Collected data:
• • •
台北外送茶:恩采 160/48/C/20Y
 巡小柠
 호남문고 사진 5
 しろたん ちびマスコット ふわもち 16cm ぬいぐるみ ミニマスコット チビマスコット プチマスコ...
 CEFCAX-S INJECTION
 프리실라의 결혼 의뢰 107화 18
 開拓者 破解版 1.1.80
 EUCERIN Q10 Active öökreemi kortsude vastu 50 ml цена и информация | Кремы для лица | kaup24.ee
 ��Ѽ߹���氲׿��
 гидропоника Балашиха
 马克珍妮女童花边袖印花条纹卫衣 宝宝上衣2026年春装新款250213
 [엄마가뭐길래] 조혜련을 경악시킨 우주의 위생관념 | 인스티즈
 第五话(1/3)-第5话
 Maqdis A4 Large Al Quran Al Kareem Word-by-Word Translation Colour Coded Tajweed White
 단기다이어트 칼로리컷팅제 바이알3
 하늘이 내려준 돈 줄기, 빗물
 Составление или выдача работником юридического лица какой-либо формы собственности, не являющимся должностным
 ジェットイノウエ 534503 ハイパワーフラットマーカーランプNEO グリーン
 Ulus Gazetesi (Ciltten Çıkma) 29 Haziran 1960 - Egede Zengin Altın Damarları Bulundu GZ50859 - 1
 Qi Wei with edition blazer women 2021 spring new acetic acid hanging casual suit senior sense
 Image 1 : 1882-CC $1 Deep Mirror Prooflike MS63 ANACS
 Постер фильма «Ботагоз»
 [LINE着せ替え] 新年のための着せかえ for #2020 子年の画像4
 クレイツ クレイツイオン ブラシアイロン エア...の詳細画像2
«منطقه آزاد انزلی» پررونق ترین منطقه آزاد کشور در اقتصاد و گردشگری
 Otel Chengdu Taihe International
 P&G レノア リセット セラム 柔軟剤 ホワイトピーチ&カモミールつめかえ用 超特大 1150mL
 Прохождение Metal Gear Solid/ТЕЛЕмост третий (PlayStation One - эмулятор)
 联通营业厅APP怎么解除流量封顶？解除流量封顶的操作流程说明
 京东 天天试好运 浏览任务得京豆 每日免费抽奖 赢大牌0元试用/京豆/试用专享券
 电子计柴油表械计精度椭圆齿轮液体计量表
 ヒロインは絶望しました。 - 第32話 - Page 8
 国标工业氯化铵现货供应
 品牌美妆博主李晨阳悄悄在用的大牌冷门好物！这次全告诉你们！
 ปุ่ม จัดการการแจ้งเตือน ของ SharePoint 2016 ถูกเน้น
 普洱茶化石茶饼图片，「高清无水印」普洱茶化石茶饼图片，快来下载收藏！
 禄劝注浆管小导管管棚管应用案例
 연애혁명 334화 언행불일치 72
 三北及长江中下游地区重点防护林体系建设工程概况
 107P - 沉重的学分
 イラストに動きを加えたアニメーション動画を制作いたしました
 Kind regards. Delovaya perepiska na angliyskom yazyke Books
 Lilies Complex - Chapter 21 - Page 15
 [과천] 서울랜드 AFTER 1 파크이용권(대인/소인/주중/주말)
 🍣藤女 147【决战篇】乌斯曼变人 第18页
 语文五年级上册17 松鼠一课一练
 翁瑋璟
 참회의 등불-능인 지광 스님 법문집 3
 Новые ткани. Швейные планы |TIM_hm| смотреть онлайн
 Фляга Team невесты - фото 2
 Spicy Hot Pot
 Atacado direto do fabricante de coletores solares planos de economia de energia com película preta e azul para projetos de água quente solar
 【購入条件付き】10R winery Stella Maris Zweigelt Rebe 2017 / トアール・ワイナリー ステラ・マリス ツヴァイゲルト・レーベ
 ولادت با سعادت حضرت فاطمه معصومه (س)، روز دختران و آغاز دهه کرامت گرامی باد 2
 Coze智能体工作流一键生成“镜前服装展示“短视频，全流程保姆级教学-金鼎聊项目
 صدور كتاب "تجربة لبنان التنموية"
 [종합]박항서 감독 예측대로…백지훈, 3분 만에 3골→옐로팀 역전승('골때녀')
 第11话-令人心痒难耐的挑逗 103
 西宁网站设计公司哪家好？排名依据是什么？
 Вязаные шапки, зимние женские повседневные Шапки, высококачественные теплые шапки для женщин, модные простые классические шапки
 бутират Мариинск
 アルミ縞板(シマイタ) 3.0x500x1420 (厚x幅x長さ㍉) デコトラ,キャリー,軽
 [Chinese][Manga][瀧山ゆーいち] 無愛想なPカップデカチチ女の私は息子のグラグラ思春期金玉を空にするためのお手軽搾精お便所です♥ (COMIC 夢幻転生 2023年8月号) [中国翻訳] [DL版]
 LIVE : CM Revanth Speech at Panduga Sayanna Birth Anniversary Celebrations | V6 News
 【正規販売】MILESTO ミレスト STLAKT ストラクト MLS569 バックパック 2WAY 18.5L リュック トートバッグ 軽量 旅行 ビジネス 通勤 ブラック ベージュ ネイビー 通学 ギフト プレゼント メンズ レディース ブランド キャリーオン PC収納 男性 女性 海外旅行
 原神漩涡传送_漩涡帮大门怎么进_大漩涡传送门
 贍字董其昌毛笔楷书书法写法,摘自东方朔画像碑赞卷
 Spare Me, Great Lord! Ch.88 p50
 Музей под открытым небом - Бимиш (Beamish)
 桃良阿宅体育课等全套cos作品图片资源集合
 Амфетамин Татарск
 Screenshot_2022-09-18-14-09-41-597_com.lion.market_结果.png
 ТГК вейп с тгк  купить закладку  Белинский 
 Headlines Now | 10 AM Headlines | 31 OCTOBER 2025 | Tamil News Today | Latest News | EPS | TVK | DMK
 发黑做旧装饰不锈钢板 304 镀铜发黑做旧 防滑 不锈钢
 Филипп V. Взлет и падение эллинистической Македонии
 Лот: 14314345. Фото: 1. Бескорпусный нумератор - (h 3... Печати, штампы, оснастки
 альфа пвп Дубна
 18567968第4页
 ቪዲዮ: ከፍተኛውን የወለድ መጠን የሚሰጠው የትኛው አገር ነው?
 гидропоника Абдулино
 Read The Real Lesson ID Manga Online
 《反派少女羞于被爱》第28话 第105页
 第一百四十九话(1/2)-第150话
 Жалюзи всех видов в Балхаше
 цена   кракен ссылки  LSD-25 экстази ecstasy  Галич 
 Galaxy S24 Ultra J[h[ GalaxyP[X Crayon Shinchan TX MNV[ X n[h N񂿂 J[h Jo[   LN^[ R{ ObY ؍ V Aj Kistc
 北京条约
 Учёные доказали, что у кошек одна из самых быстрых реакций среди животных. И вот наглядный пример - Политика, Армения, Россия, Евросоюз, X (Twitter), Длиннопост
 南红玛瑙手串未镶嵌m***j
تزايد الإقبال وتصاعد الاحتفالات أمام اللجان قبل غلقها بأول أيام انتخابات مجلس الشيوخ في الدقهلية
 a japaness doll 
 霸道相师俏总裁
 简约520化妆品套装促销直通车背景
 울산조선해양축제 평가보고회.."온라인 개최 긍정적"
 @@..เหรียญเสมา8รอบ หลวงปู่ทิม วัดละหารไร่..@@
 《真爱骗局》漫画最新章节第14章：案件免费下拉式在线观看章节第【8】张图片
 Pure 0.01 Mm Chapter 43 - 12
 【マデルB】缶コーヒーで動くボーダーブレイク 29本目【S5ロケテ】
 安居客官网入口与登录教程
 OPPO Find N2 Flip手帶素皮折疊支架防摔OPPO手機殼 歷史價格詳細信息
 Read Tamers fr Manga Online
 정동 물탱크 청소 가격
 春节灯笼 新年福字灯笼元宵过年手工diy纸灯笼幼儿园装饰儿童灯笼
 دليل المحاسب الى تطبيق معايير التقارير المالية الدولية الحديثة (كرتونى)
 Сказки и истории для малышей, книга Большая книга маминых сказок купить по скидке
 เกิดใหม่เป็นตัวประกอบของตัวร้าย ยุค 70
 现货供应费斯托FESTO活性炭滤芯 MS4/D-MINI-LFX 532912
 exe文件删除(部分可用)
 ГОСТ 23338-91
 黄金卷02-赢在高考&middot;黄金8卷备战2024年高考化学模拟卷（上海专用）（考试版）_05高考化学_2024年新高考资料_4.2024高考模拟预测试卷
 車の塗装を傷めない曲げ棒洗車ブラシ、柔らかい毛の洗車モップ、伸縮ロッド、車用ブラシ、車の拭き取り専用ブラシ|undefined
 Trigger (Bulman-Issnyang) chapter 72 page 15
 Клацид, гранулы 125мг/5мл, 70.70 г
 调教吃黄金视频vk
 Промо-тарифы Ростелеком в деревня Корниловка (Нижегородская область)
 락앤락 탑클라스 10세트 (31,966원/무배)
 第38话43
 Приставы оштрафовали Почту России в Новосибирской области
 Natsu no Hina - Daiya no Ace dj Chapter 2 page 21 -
• • •
- [Work instruction]: In the records above, find the line with "ジェットイノウエ 534503 ハイパワーフラットマーカーランプNEO グリーン"; write out exactly that line and each one after it, stopping after the line with "アルミ縞板(シマイタ) 3.0x500x1420 (厚x幅x長さ㍉)".

- [Solution for this task]:
 ジェットイノウエ 534503 ハイパワーフラットマーカーランプNEO グリーン
 Ulus Gazetesi (Ciltten Çıkma) 29 Haziran 1960 - Egede Zengin Altın Damarları Bulundu GZ50859 - 1
 Qi Wei with edition blazer women 2021 spring new acetic acid hanging casual suit senior sense
 Image 1 : 1882-CC $1 Deep Mirror Prooflike MS63 ANACS
 Постер фильма «Ботагоз»
 [LINE着せ替え] 新年のための着せかえ for #2020 子年の画像4
 クレイツ クレイツイオン ブラシアイロン エア...の詳細画像2
«منطقه آزاد انزلی» پررونق ترین منطقه آزاد کشور در اقتصاد و گردشگری
 Otel Chengdu Taihe International
 P&G レノア リセット セラム 柔軟剤 ホワイトピーチ&カモミールつめかえ用 超特大 1150mL
 Прохождение Metal Gear Solid/ТЕЛЕмост третий (PlayStation One - эмулятор)
 联通营业厅APP怎么解除流量封顶？解除流量封顶的操作流程说明
 京东 天天试好运 浏览任务得京豆 每日免费抽奖 赢大牌0元试用/京豆/试用专享券
 电子计柴油表械计精度椭圆齿轮液体计量表
 ヒロインは絶望しました。 - 第32話 - Page 8
 国标工业氯化铵现货供应
 品牌美妆博主李晨阳悄悄在用的大牌冷门好物！这次全告诉你们！
 ปุ่ม จัดการการแจ้งเตือน ของ SharePoint 2016 ถูกเน้น
 普洱茶化石茶饼图片，「高清无水印」普洱茶化石茶饼图片，快来下载收藏！
 禄劝注浆管小导管管棚管应用案例
 연애혁명 334화 언행불일치 72
 三北及长江中下游地区重点防护林体系建设工程概况
 107P - 沉重的学分
 イラストに動きを加えたアニメーション動画を制作いたしました
 Kind regards. Delovaya perepiska na angliyskom yazyke Books
 Lilies Complex - Chapter 21 - Page 15
 [과천] 서울랜드 AFTER 1 파크이용권(대인/소인/주중/주말)
 🍣藤女 147【决战篇】乌斯曼变人 第18页
 语文五年级上册17 松鼠一课一练
 翁瑋璟
 참회의 등불-능인 지광 스님 법문집 3
 Новые ткани. Швейные планы |TIM_hm| смотреть онлайн
 Фляга Team невесты - фото 2
 Spicy Hot Pot
 Atacado direto do fabricante de coletores solares planos de economia de energia com película preta e azul para projetos de água quente solar
 【購入条件付き】10R winery Stella Maris Zweigelt Rebe 2017 / トアール・ワイナリー ステラ・マリス ツヴァイゲルト・レーベ
 ولادت با سعادت حضرت فاطمه معصومه (س)، روز دختران و آغاز دهه کرامت گرامی باد 2
 Coze智能体工作流一键生成“镜前服装展示“短视频，全流程保姆级教学-金鼎聊项目
 صدور كتاب "تجربة لبنان التنموية"
 [종합]박항서 감독 예측대로…백지훈, 3분 만에 3골→옐로팀 역전승('골때녀')
 第11话-令人心痒难耐的挑逗 103
 西宁网站设计公司哪家好？排名依据是什么？
 Вязаные шапки, зимние женские повседневные Шапки, высококачественные теплые шапки для женщин, модные простые классические шапки
 бутират Мариинск
 アルミ縞板(シマイタ) 3.0x500x1420 (厚x幅x長さ㍉) デコトラ,キャリー,軽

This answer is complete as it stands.